Well, what would it look like, to “not recognize the legitimacy” of undemocratic governments?
Do you mean we should try to contain them, cold war style? Should US-Cuban relations be an exemplar of how to deal with undemocratic governments?
What would be the purpose of such treatment? Would such treatment do any good? In case you hadn’t noticed, the US treatment of Cuba hasn’t exactly been a notable success story in transforming the Cuban government. How long has Castro been dictator again?
Well, the thread is about boycotting companies who business with dictatorships. Why not make a United Democratic Nations where democratic governments do business among themselves and do not do business with the dictators?
I am with Martini. The Vodaphone example is actually the reason why firms like Voda should be in Egypt, and elsewhere. They built an infrastructure that now has partially enabled Egyptians to get around the stultifying regime monopolized jobs and communications.
The simple minded piousness of arguments for “not doing business with dictatorships”(whose definition?) would have condemned Egypt to a Burma type situation (a situation where everything is in the hands of the generals). Firms like Voda etc being in Egypt and elsewhere build up alternatives to purely regime controlled jobs, to purely state centric opportunities and locks them into a regime.
Boycotting doesn’t magically make anything better, it only makes comfortable Westerners have a momentary warm glow at the cost of opportunities and jobs for people otherwise condemned not to have them.
What do you imagine this would accomplish?
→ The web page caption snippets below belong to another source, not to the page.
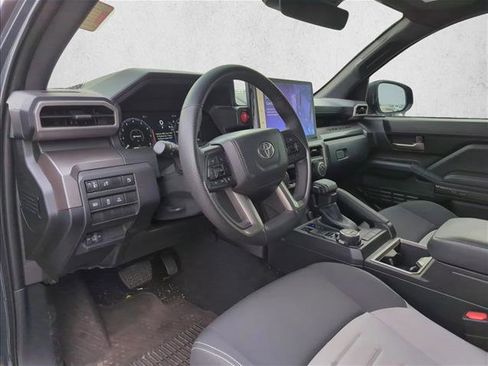 Used 2024 Toyota Tacoma TRD Off-Road image 11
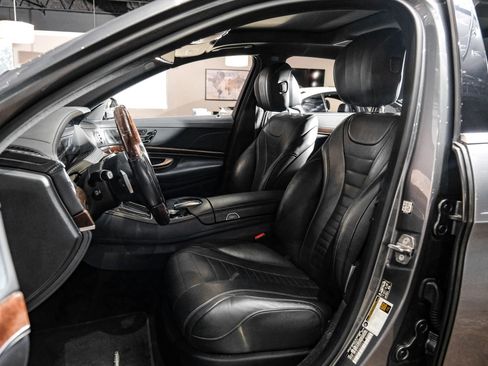 Used 2018 Mercedes-Benz S 560 4MATIC Sedan image 28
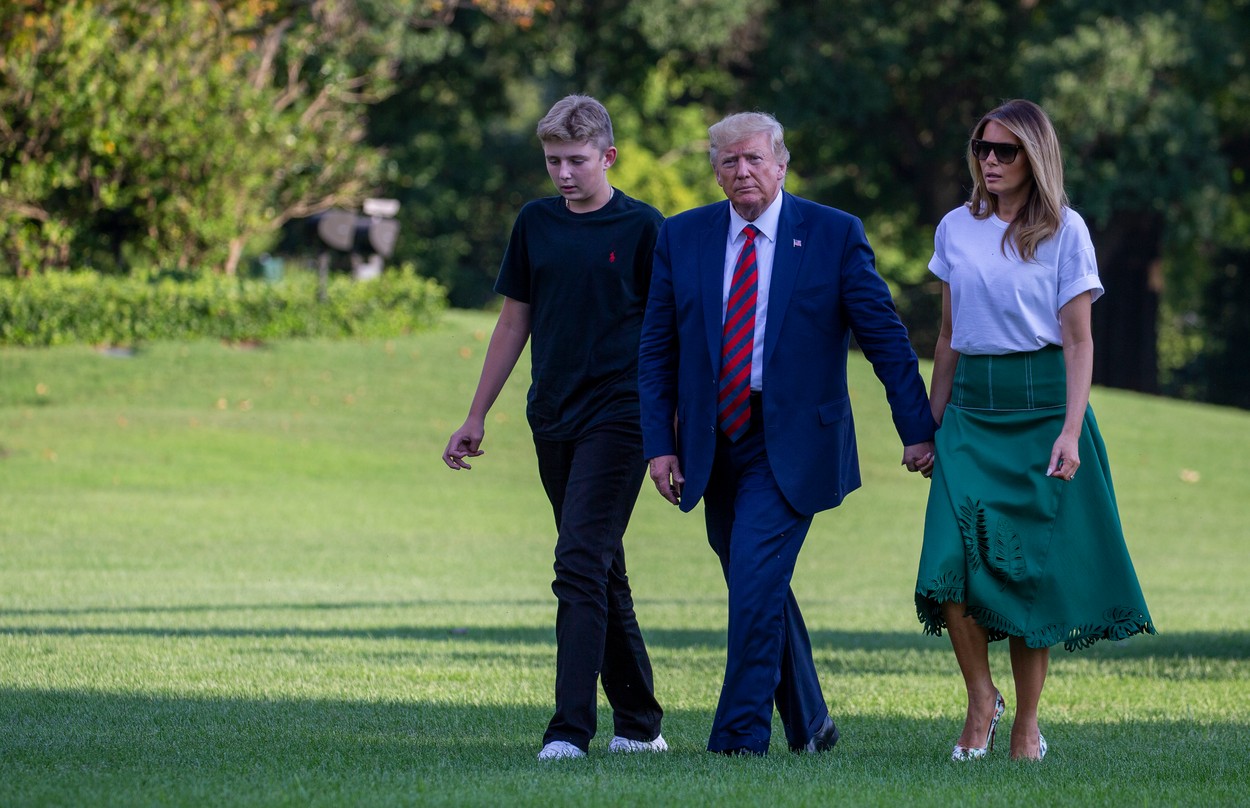 Barron Trump, President Donald Trump and First Lady Melania Trump return to the White House following a stay in Bedminster, New Jersey in Washington, D.C. on August 18, 2019., Image: 466014358, License: Rights-managed, Restrictions: *** World Rights ***, Model Release: no, Credit line: Sipa USA / ddp USA / Profimedia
Would it make the lives of the people living under the dictatorships better? Would it shorten the life of the regimes?
We already have such a system in place against Cuba, how’s that working out for us?
And which countries are we imagining should be included? Some countries are easy, like North Korea. Except North Korea is already completely isolated. Iran? Pakistan? Russia? China?
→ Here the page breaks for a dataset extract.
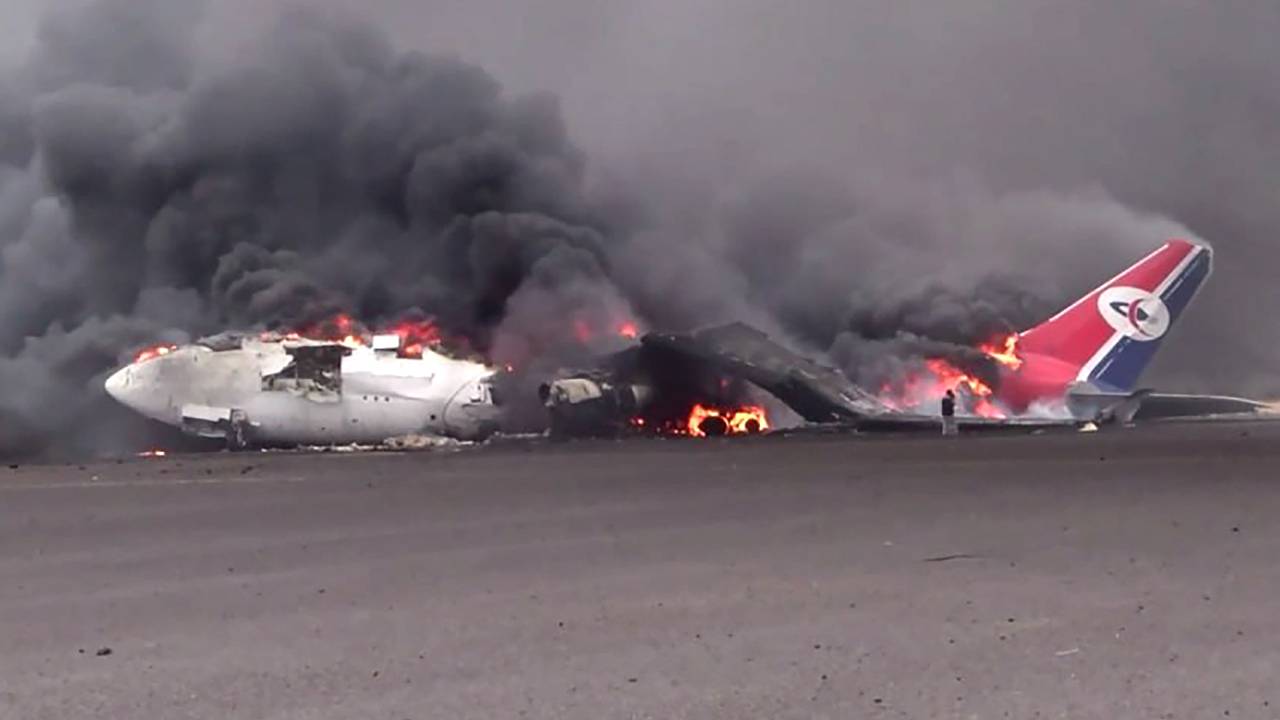 Avião pega fogo após ataque israelense ao aeroporto internacional de Sanaa, no Iêmen. 06/05/2025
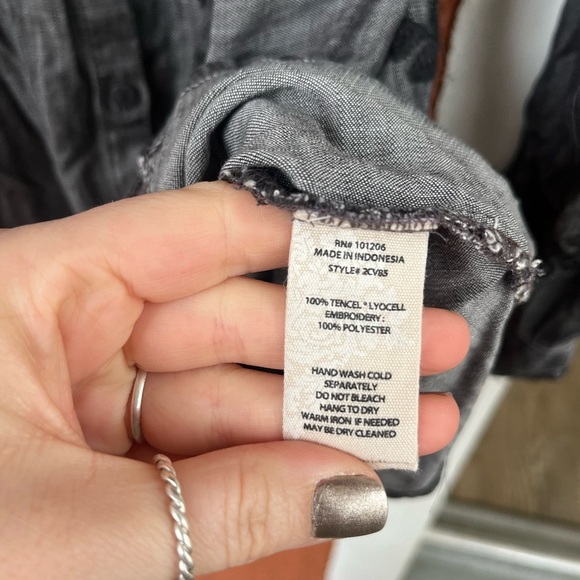 Soft Surroundings Faded Black Button Up Long Sleeve Tencel Blouse Size Medium - Picture 2 of 4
Were the Chinese people better off when China was isolated? Was the rest of the world better off when China was isolated?
Who knows what it would accomplish because there was always someone willing to trade with them if others were not.
And maybe not a total ban, just a preferred trade solution with those countries that are democratic or taxes on trade goods against those that are not.
You mean you do. I am free to go there as I please. Maybe if everyone was on board with boycotting Cuba then the government would have no funds to support itself and would fail. Who knows?
Which companies should we boycott then? Why them and not the countries themselves that are under dictatorships?
I’m not advocating either solution. I’m just asking why one form of boycott and not another?
I’d advocate boycotts of companies that sell single-purpose tools of repression. So if a company sells waterboards and tear gas to Algeria, they’re doing something evil. But building a phone system is something different, unless only the oligarchs get to use the phone system.